On the other hand, the messaging business has compensated for the decline in person-to-person (P2P) messaging with significantly growing volumes of application-to-person (A2P) messaging. While the P2P messaging market has been declining by 9% every year driven by OTT substitution, the A2P market is growing by 8% every year due to new use cases (e.g., marketing, customer engagement, and authentication).

Finally, the capacity business has become the key driver of telecom wholesale business in recent times. International capacity needs have been growing multi-fold, with increasing penetration of 4G (now 5G) and fiber services and adoption of cloud-based services. Though international capacity prices have been declining yearly around 25%-35% (depending on the route), the demand for capacity is compensating for the price decline.

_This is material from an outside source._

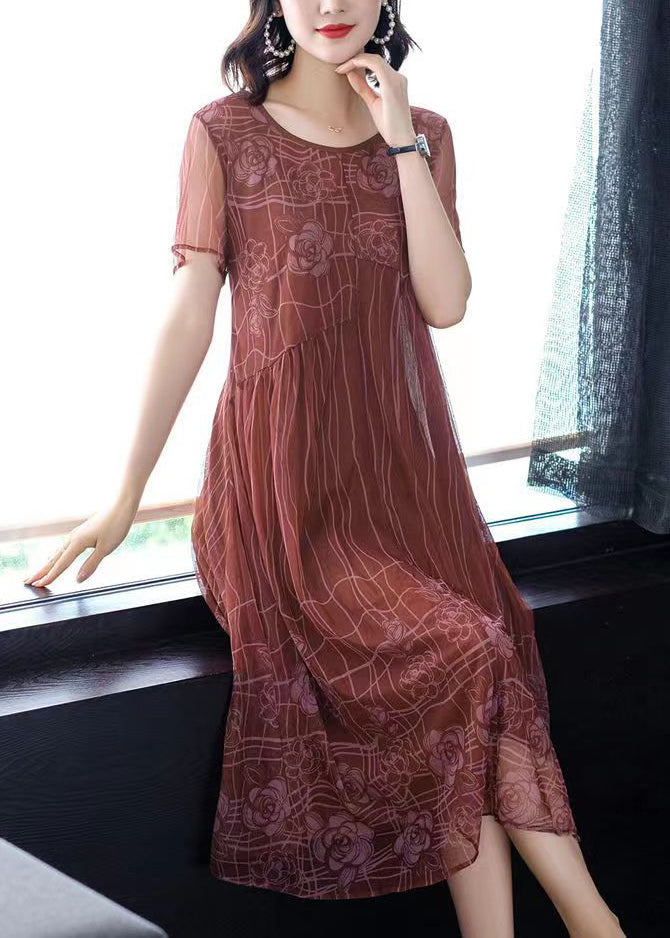 Beautifully Finished Dress in a Timeless Design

International telecoms have evolved much beyond traditional international telecom wholesale

In the last five years, the international telecom landscape has changed profoundly, to the point that we need to expand the notion of wholesale to one of global solutions. The word “wholesale” is sort of outdated and limited now, with its use pointing to something narrow and declining today.

From one side, investors’ interests have shifted toward either heavy infrastructure-based models (e.g., towercos, fibercos, data centers, and submarine cable hubs) or digital cloudbased platforms (e.g., cloud communications [CPaaS], edge content delivery networks, cloud exchanges and cloud fabrics, and software-defined networks) that can directly address multinational enterprises from cross-border positions.

From the other side, a tectonic paradigm shift has shaken up the international telecom and wholesale market from strategy, product, and operational perspectives. New products have shown a high innovation potential, being based on transparent, automated, real-time platforms developed at a global scale (see figure below).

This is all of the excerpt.